Statistical analysis
We described the baseline characteristics of the study population. Rates of each outcome were calculated as age and sex-standardized rates per 1000 person-years of follow-up, standardized to the 2016 Ontario census population. We used Cox proportional hazards models to determine the adjusted hazard ratios (HR) for each of the exposures with mortality. We adjusted for pre-specified, clinically significant confounding variables including age, sex, neighbourhood income quintile, hypertension, dyslipidemia, neighbourhood smoking, cancer, asthma or COPD, peripheral vascular disease, dementia, liver disease, chronic kidney disease, primary care utilization, and hospitalization or emergency department visits for mood or psychotic disorders.
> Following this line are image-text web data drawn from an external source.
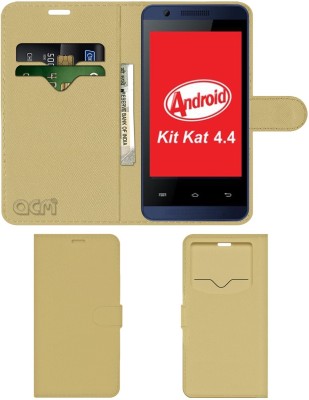 ACM Flip Cover for Celkon Campus A35k(Gold, Cases with Holder, Pack of: 1)
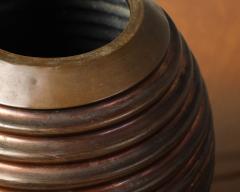 Italian Art Deco Ribbed Copper and Brass Vase circa 1930 - 4783697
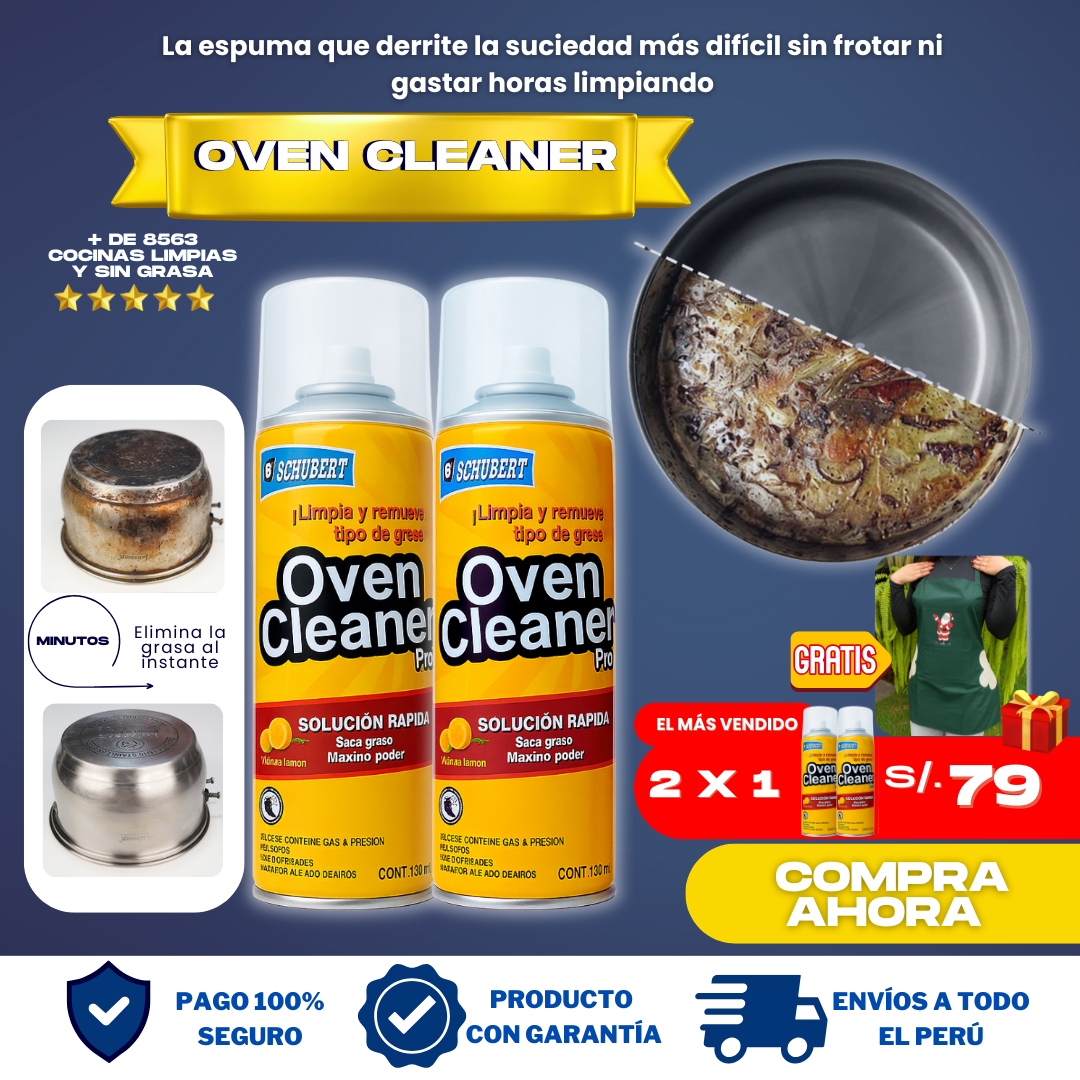 OVEN CLEANER ESPUMA QUITA GRASA + REGALO - O03
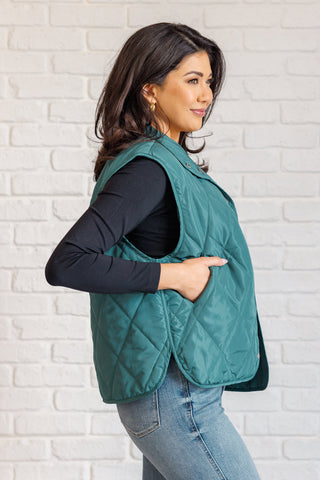 Layering Queen Quilted Puffer Vest in Hunter Green-Vests-Ave Shops-Motis & Co Boutique, Women's Fashion Boutique in Carthage, Missouri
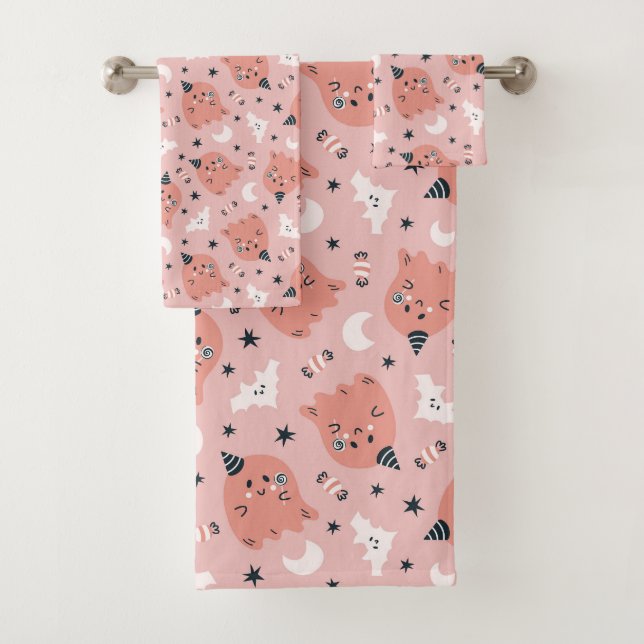 Ensemble de serviettes de bain à thème Halloween (En situation)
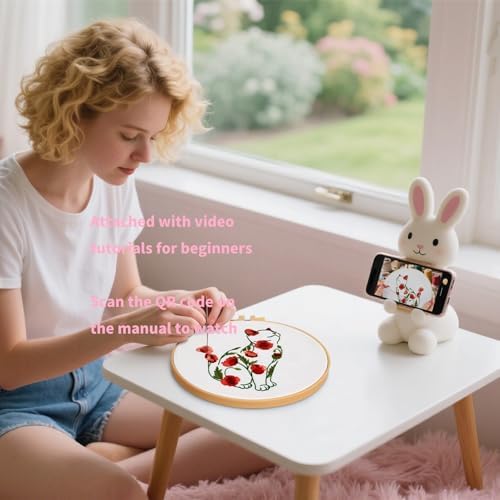Crafmanoe Cat Embroidery Kits for Beginners Adults, Flowers Embroidery Starter Kits, Counted Cross Stitch Kits for Beginners Adults Hobbies Set for Women, Embroidery Hoops, Thread and Video Tutorial - Image 3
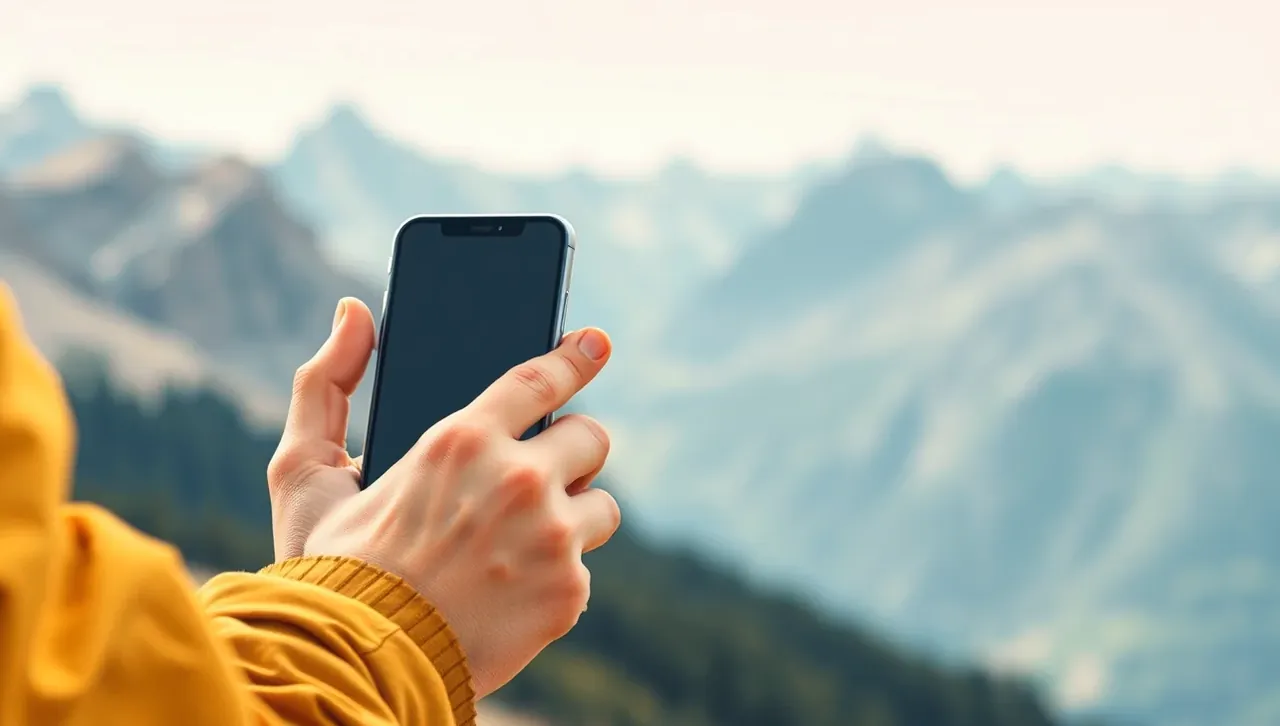 Turista v horskom stredisku kontroluje informácie na vývesnej tabuli a v mobilnom telefóne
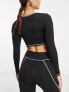 Фото #2 товара South Beach over lock stitch cut out long sleeve top in black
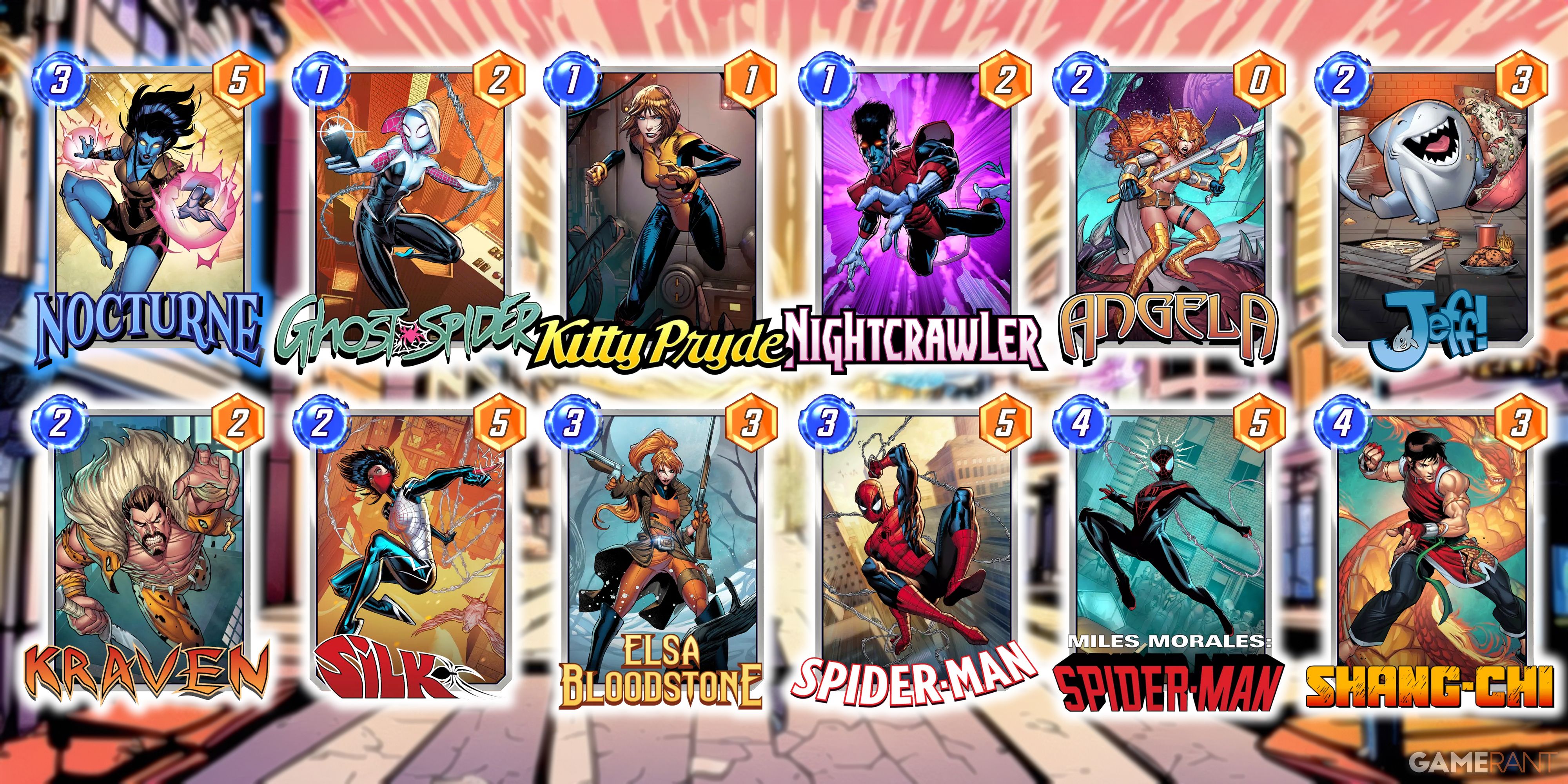 Marvel Snap deck comprised of Nocturne, Ghost-Spider, Kitty Pryde, Nightcrawler, Angela, Jeff, Kraven, Silk, Elsa Bloodstone, Spider-Man, Miles Morales Spider-Man, and Shang-Chi.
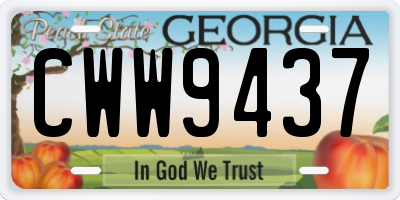 GA license plate CWW9437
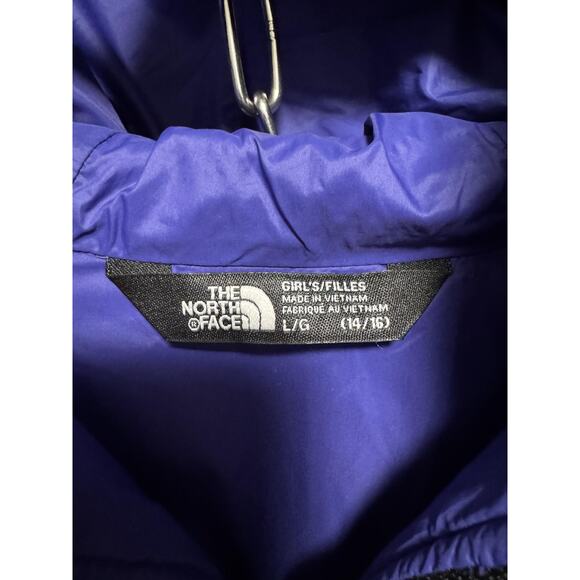 The North Face Jacket Girls Large 14/16 Purple Hooded Quilted Puffer Zip Pockets - Picture 4 of 13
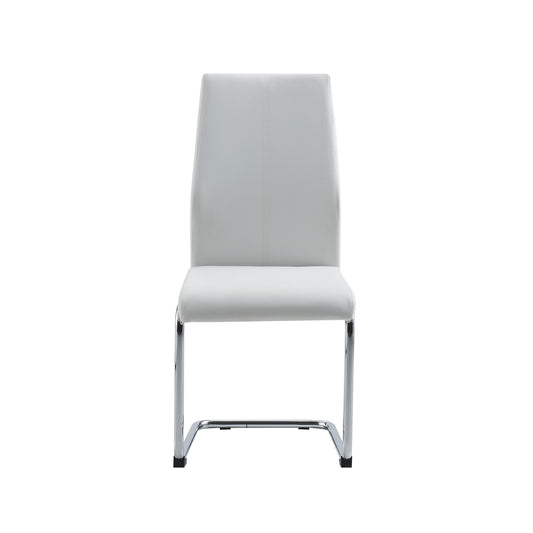 Ensemble de quatre chaises de salle à manger rembourrées en similicuir blanc et argent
We repeated the analysis for the other outcomes, using cause-specific hazard models to account for the competing risk of death [13]. Because screened individuals with prior normoglycemia had higher than expected mortality rates, we conducted an exploratory post-hoc analysis of their causes of death. All analyses were performed using SAS version 9.4 (SAS Institute, Cary, NC) and 2-sided p-values < 0.05 considered significant. The use of the data in this project is authorized under section 45 of Ontario’s Personal Health Information Protection Act (PHIPA) and does not require review by a Research Ethics Board.